Aim of the exercise ::
In this exercise, the entries below include pictures. Repeat exactly the lines from the line with "Sustainable women's pink" to the line with "Giòn ngon nộm rau rút ức gà - 9", including both, but without the pictures.

START Exercise data

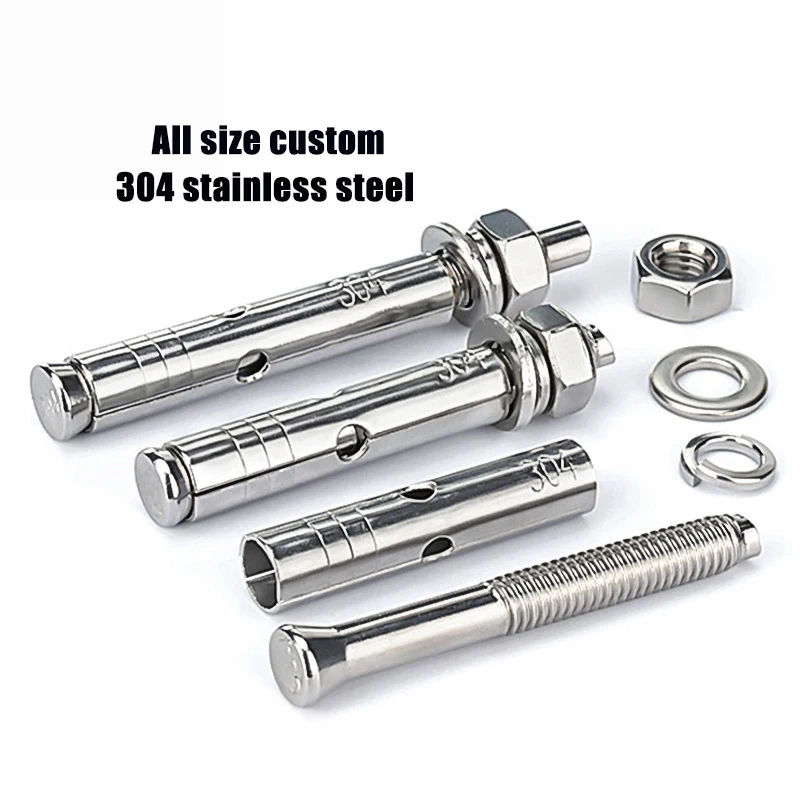 Custom M8 M12 M14 M20 Through Bolt Plated SS 304 stainless Steel Concrete Building chemical sleeve Expansion wedge Anchor Bolt
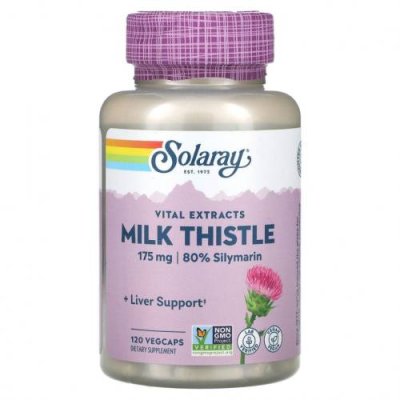 Solaray, Vital Extracts, Milk Thistle , 175 mg, 120 VegCaps / Расторопша пятнистая | Аптека | V4.Ru: Маркетплейс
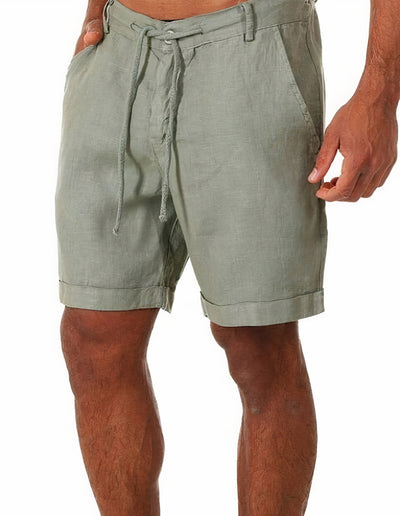 Men’s Casual Shorts – Relaxed Fit – Natural Fibers – Drawstring Waist – Cuffed Hem – Side Pockets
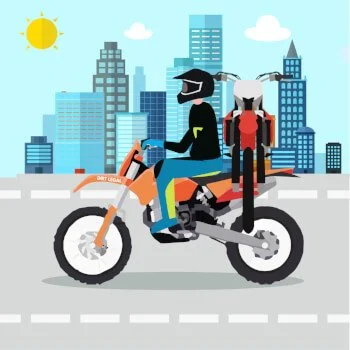 illustration of dirt bike rider with another dirt bike on the back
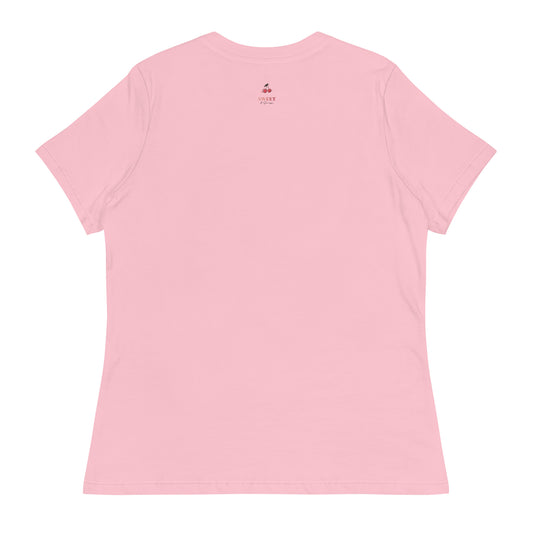Sustainable women's pink t-shirt with "Sowing the Seeds of Love" graphic, 100% cotton, made-to-order by Sweet & Savage.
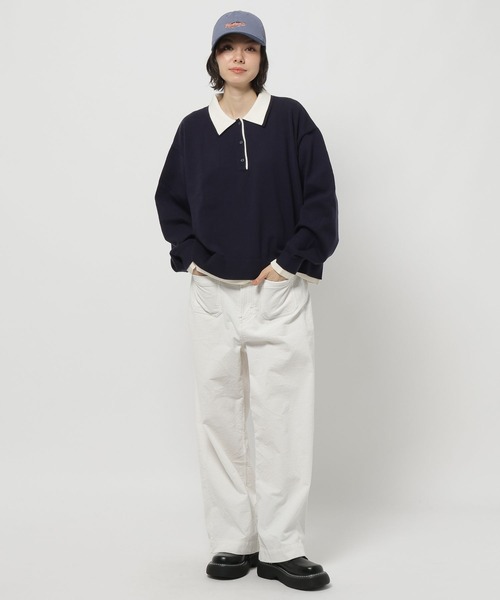 niko and...(ニコアンド)の「襟レイヤーニットプルオーバー(ニット/セーター・レディース・グレー/ネイビー/マスタード・MEDIUM/LARGE)」の12枚目の写真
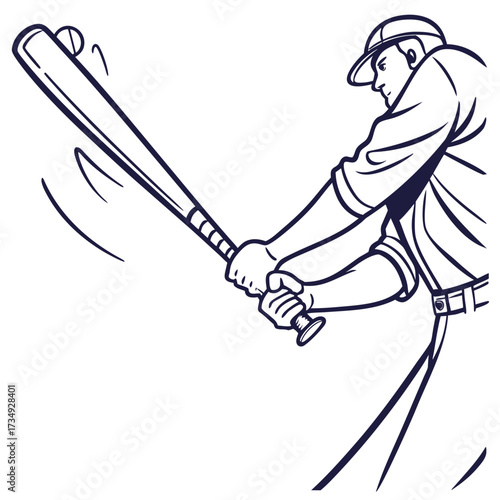 A dynamic line art illustration of a baseball player in mid swing about to hit a ball with a wooden bat capturing the intensity of the game
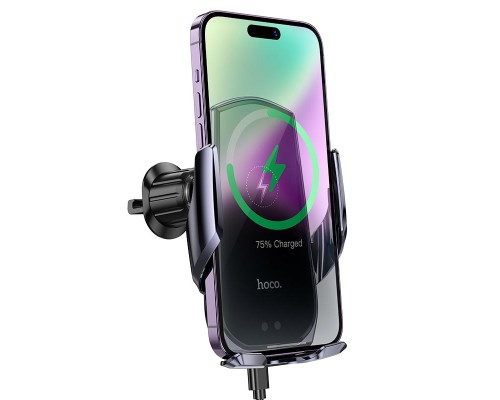 Автотримач для телефона з БЗП HOCO CA202 Plus Enlightener infrared induction wireless charging car holder(air outlet) Black metal gray (6942007623469)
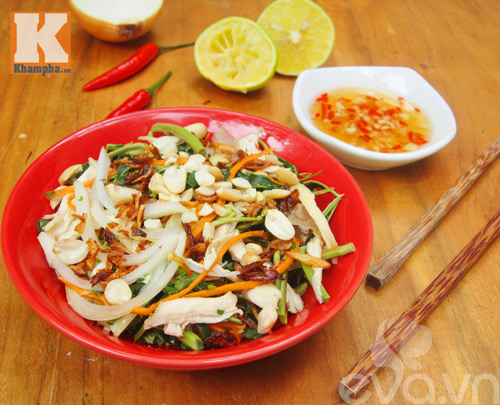 Giòn ngon nộm rau rút ức gà - 9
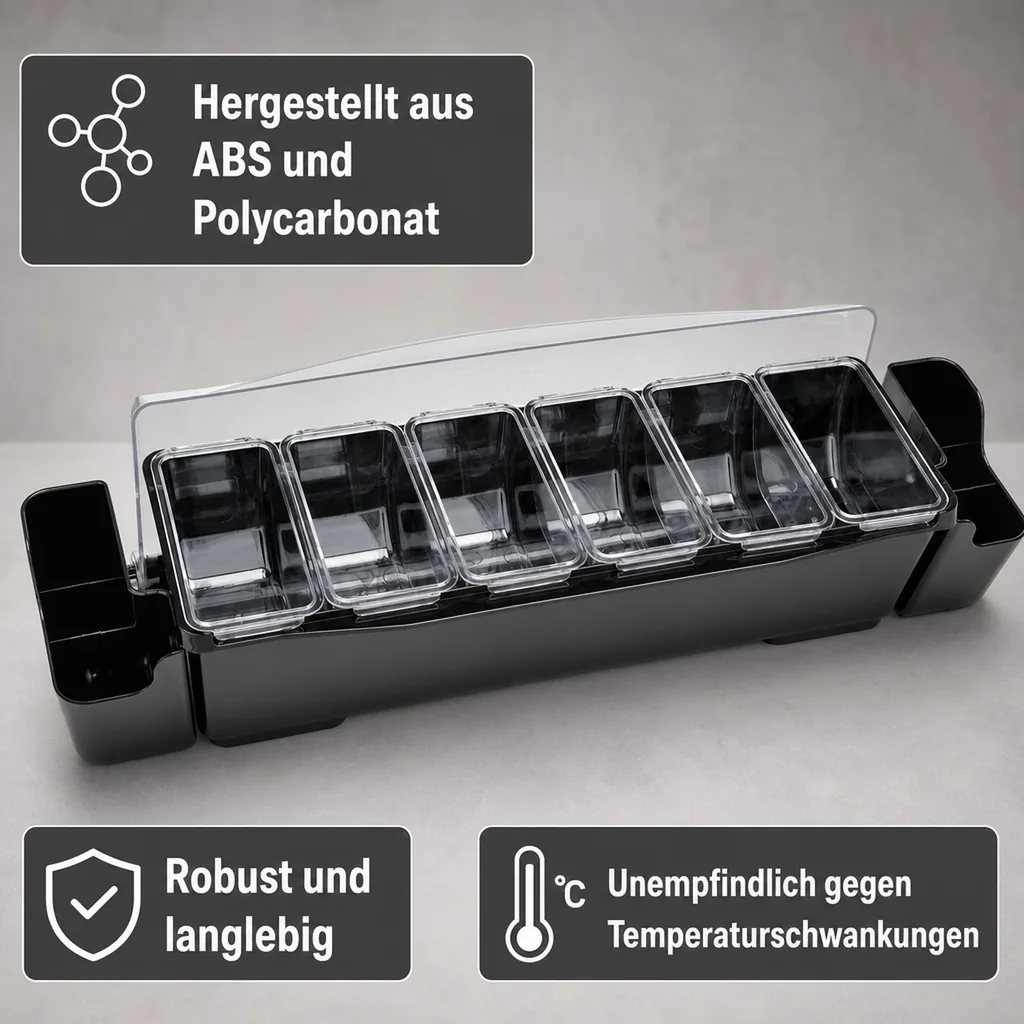 Zutatenbehälter, Lebensmittelbehälter mit 6 Einsätzen (je 0,7 L) - Praktische & übersichtliche Aufbewahrung für Zutaten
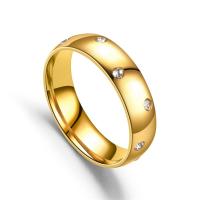 Titantium Steel finger ring, Titan Stål, Unisex & olika storlek för val & micro bana cubic zirconia, gyllene, 6x1mm, Säljs av PC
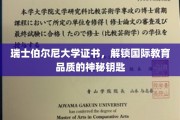 瑞士伯尔尼大学证书，跨国教育品质的璀璨凭证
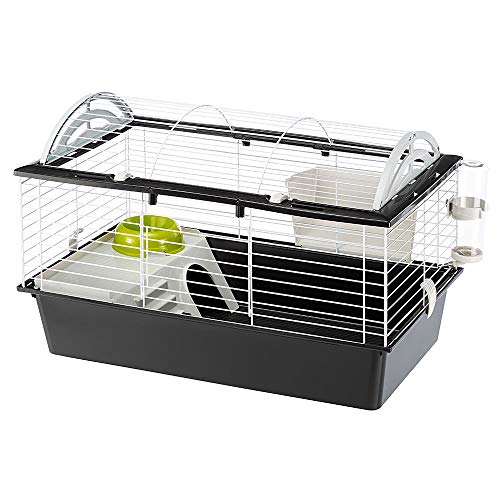 FERPLAST Nagetierkäfig CASITA 80 für Meerschweinchen, Meerschweinchen, aus Metall, inklusive Zubehör: Futterkrippe, Trinkflasche, Schüssel, Haus. 78x48xh50cm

END Exercise data

Reply ::
Sustainable women's pink t-shirt with "Sowing the Seeds of Love" graphic, 100% cotton, made-to-order by Sweet & Savage.
 niko and...(ニコアンド)の「襟レイヤーニットプルオーバー(ニット/セーター・レディース・グレー/ネイビー/マスタード・MEDIUM/LARGE)」の12枚目の写真
 A dynamic line art illustration of a baseball player in mid swing about to hit a ball with a wooden bat capturing the intensity of the game
 Автотримач для телефона з БЗП HOCO CA202 Plus Enlightener infrared induction wireless charging car holder(air outlet) Black metal gray (6942007623469)
 Giòn ngon nộm rau rút ức gà - 9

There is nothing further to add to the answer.